In February 2016, the Financial Accounting Standards Board (“FASB”) issued the new leasing standard in ASU 2016-02 (“ASC 842”) for both lessees and lessors for use when preparing financial statements.

ASC 842 directs that a lessee will recognize right-of-use (“ROU”) assets together with associated lease liabilities on the balance sheet for all lease arrangements with terms longer than 12 months. 

In the run-up to the drafting and then publication of ASC 842, much input and feedback were encouraged from potential users and an identified concern was that the existing disclosure requirements did not provide sufficient information for an interested party to fully understand the impact of the leasing activities of a business. With the aim of addressing this, under the new standard, lease disclosures are intended to give financial statement users a better, more transparent understanding of those leasing activities, particularly making it easier for them to “assess the amount, timing, and uncertainty of cash flows arising from leases.”
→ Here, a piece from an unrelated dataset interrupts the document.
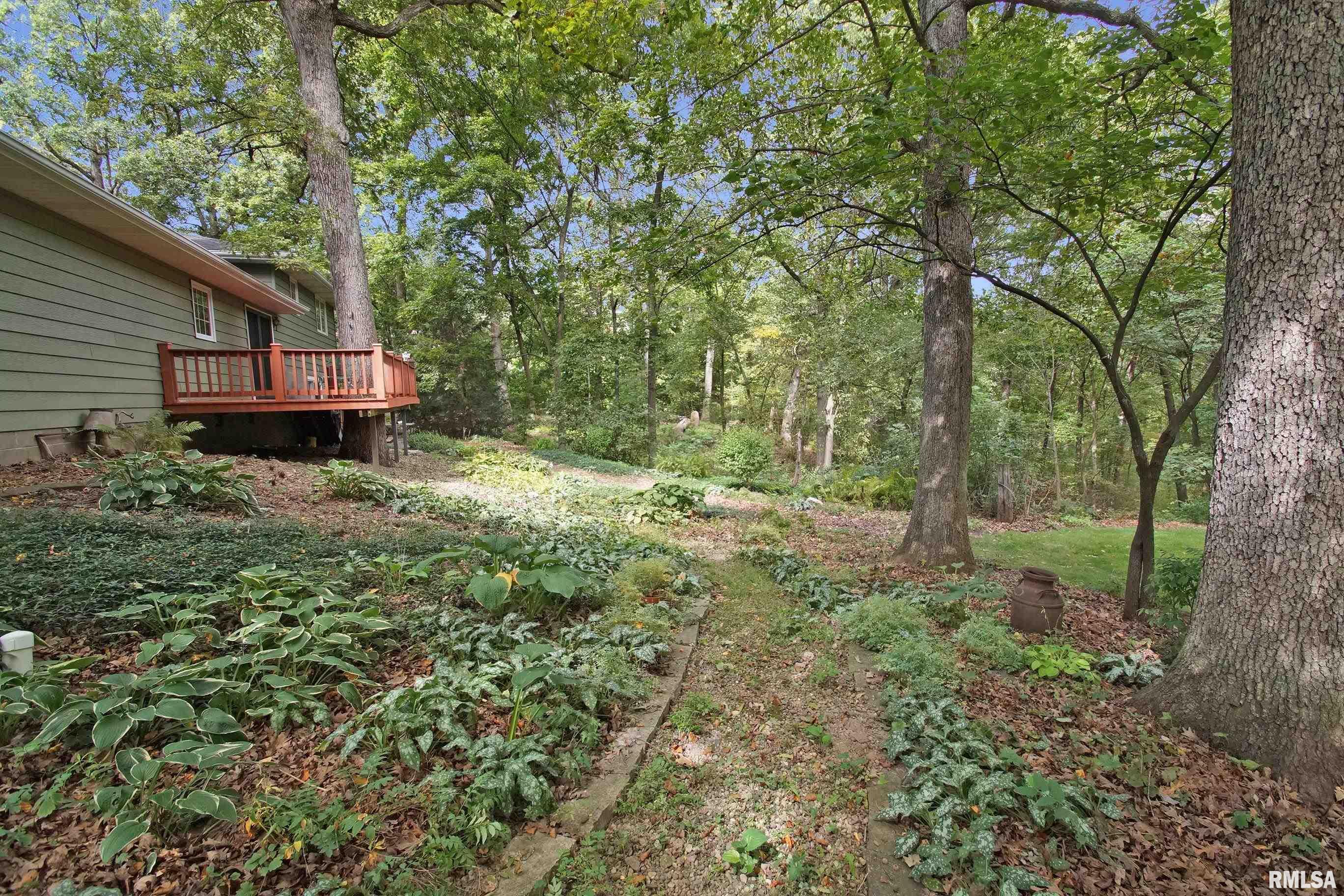 1919 East Truitt Road Chillicothe, IL 61523 - Photo 8 of 46 Gallery Image 8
With this in mind, the standard further indicates that “a lessee [lessor] shall consider the level of detail necessary to satisfy the disclosure objective and how much emphasis to place on each of the various requirements. Following ASC 842-20-50-2 and ASC 842-30-50-2, a “lessee [lessor] shall aggregate or disaggregate disclosures so that useful information is not obscured by either the inclusion of a large amount of insignificant detail or by aggregating items that have different characteristics.”

With their main focus on implementing complete and accurate accounting models for recognition and measurement, too many entities failed to consider disclosures until very late in the transition to ASC 842 compliance. Bearing this lesson in mind to avoid last-minute panics, entities are encouraged to take positive action to fully understand the disclosure requirements early in their implementation process, even making draft qualitative disclosures, and use that knowledge when selecting any solution provider. 

An entity will need to make a significant judgment to determine the level of disclosures necessary to satisfy this requirement and as a guiding principle, the basis for conclusions indicates “if leasing is a significant part of an entity’s business activities, the disclosures would be more comprehensive than for an entity whose leasing activities are less significant….” And that may mean that disaggregation might be appropriate. 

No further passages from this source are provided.